**Given information:**
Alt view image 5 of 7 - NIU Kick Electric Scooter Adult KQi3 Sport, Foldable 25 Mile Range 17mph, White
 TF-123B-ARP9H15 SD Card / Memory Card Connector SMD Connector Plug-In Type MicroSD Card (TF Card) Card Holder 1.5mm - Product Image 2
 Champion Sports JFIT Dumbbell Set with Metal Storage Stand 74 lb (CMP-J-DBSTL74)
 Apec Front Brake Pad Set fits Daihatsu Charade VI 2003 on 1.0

**Task:** Every line between the one that contains "TF-123B-ARP9H15 SD Card" and the last line of the listing, both included, should be retyped exactly, with nothing else added.

**Response area:**
 TF-123B-ARP9H15 SD Card / Memory Card Connector SMD Connector Plug-In Type MicroSD Card (TF Card) Card Holder 1.5mm - Product Image 2
 Champion Sports JFIT Dumbbell Set with Metal Storage Stand 74 lb (CMP-J-DBSTL74)
 Apec Front Brake Pad Set fits Daihatsu Charade VI 2003 on 1.0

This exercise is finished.